For me as a developer, this workflow question is the most important one.
I been playing around with the GitLab test instance today. I really like it... up until to the point I tried to get actual development done.
It is not practical to properly chunk out big changes properly for review with GitLab without history rewriting (i.e. force push). My requirements are:
- chaining dependent changes together
- independent iteration of those changes based on code review
- approving and preferably merging changes independently
Gerrit deals with the problem by having append-only patchset versions and nice way to link them together (no force-push needed).
GitLab seems to primarily support doing it at merge-time. The UI has very limited support for it (only squash and rebase or merge commit). Full power of git rebase -i is needed. If we only allow history rewriting during merge-time, we have multiple issues: the person doing the merge now has the burden to rewrite the history, which in Gerrit is done by the author (except trivial rebases), and they must be able to push directly to the target branch (this would likely be disabled for master branch) and thirdly, the worst thing in my opinion, the result would not be reviewed. All this goes away if we allow history rewriting and force-push updates to the merge request (with sufficient UI support so that reviewers can do their job).
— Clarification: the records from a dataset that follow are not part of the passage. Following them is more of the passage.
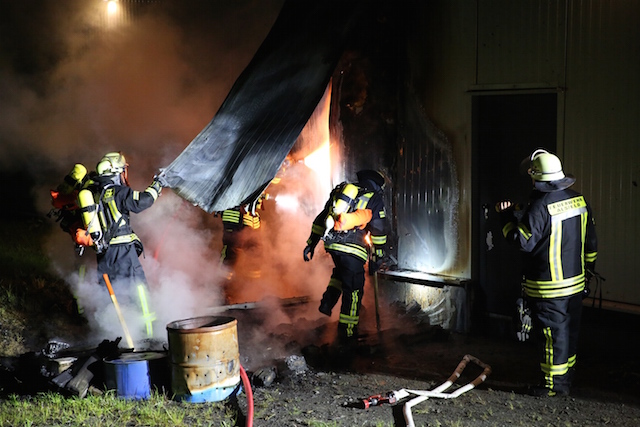 Nochmal gut gegangen: Der Brand in einer Alsfelder Maschinenbaufirma konnte schnell gelöscht werden. Foto: ol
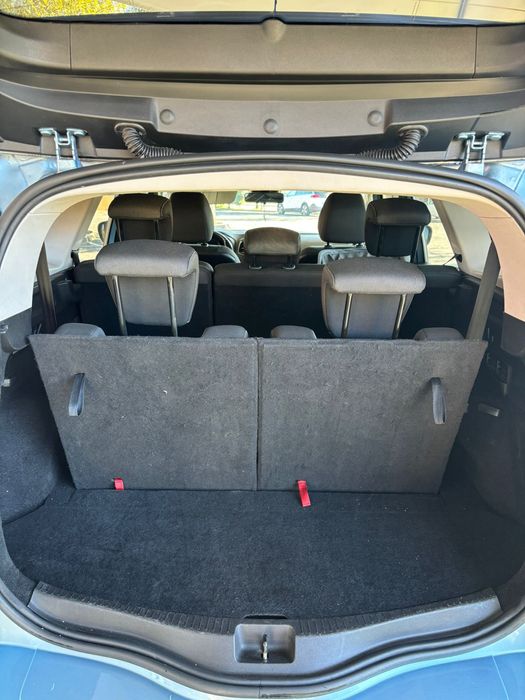 Renault grand senic hybrid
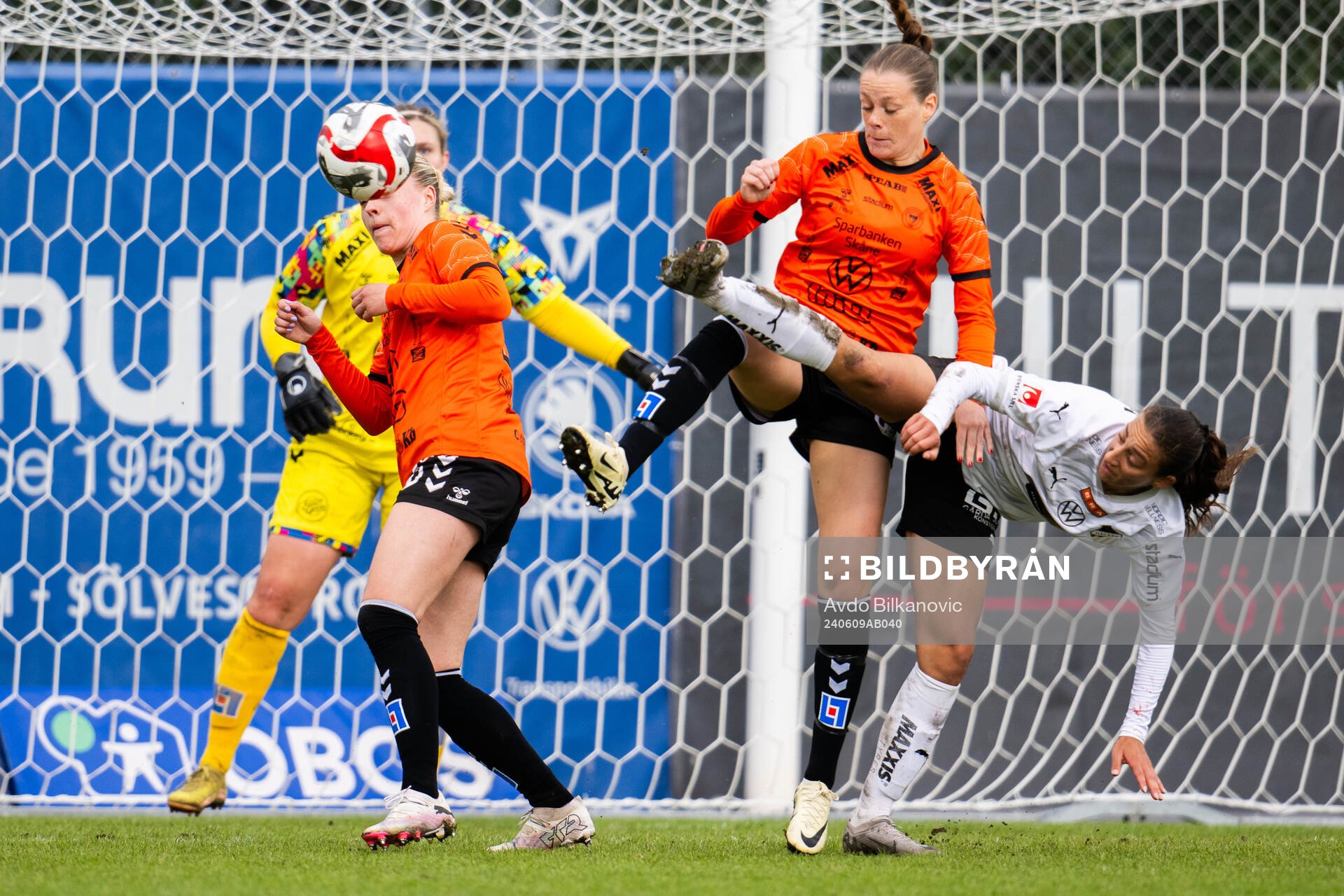 Kristianstads Gudny Árnadóttir och Sofia Reidy  mot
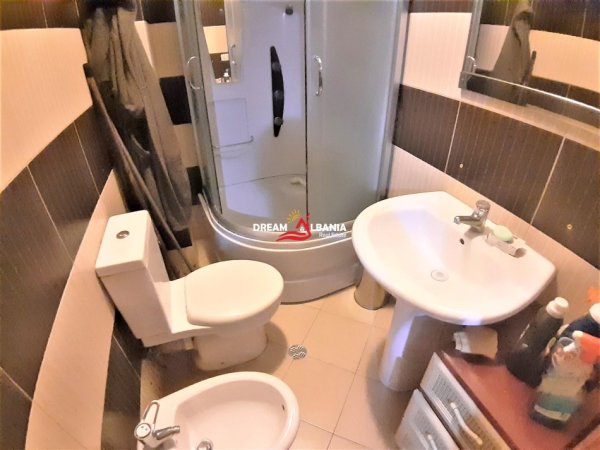 Tirane, jepet me qera apartament 3+1+Aneks Kati 4, 140 m² 800 € (don bosko)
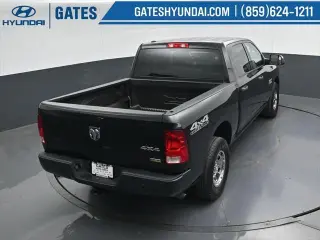Ram 1500 2016 4x4 Tradesman de 4 puertas, cabina tripulación, caja corta de 5.5 pies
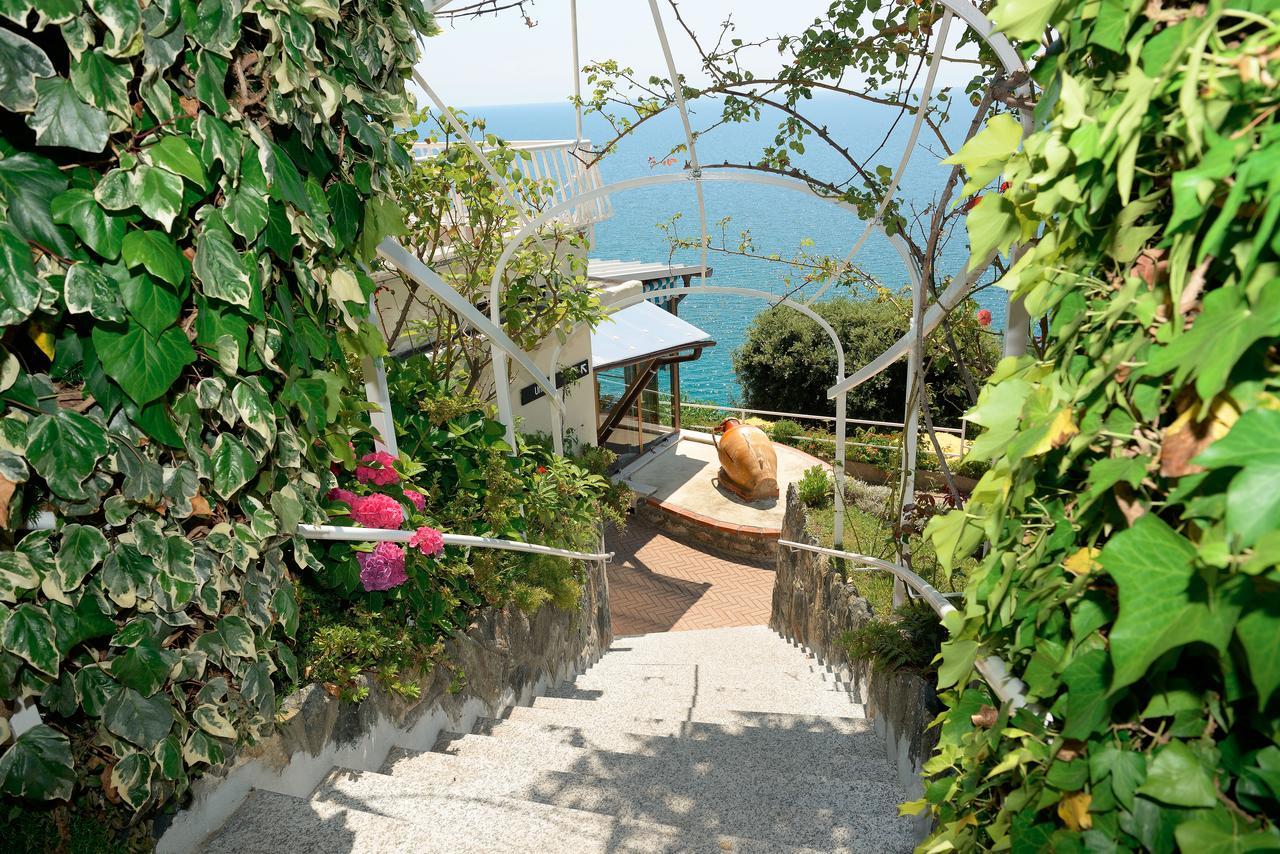 Hotel Casa Fatebenefratelli Varazze Exteriér fotografie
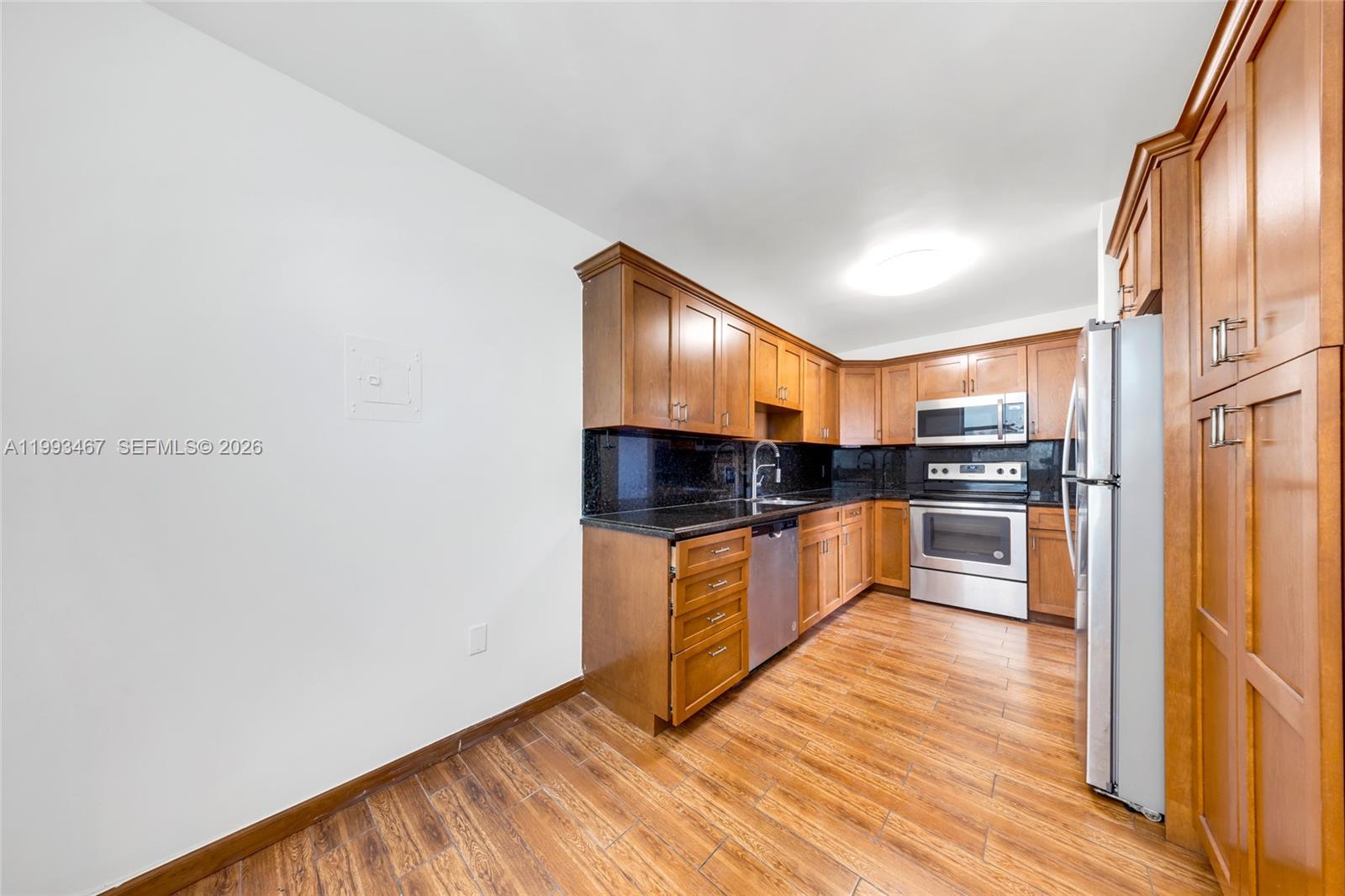 Stratford House Condo - Residential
Things get even worse if we also want to independently merge the changes. This means they have to be split into multiple merge requests. I found no support for rebasing merge request chains. In my testing you either have to work backwards and merge latest merge request to earlier one first (frankly, nobody does that), or doing manual force-push for each merge request. Gerrit provides a handy button that does it for most of the simple cases. When you merge a first merge request from a chain in GitLab, the UI gives up. You can change the merge target manually (away from the now [hopefully] non-existing target branch) in the UI, but then, if you squashed or rebased the first merge request, it forces you do do a manual rebase and and force-push to update the subsequent merge requests.
GitLab seems a good solution for work that produces reasonable sized merge requests. However, the suitability of GitLab for me depends on its support for non-trivial history rewriting, which is required to develop and review work that consists of chained changes. Moreover, the only way to do that in GitLab is force-push to a merge request. So the suitability of GitLab essentially hinges on its support for force-push type of workflow.
Lack of a good support for such workflow would, in my opinion, lead to:
- messy histories with irrelevant and untestable commits, and/or
- slower development and code review burnout due to difficult to review mega-changes, and/or
- slower development due to having to wait for author or code-reviewer to complete previous steps before being able to proceed.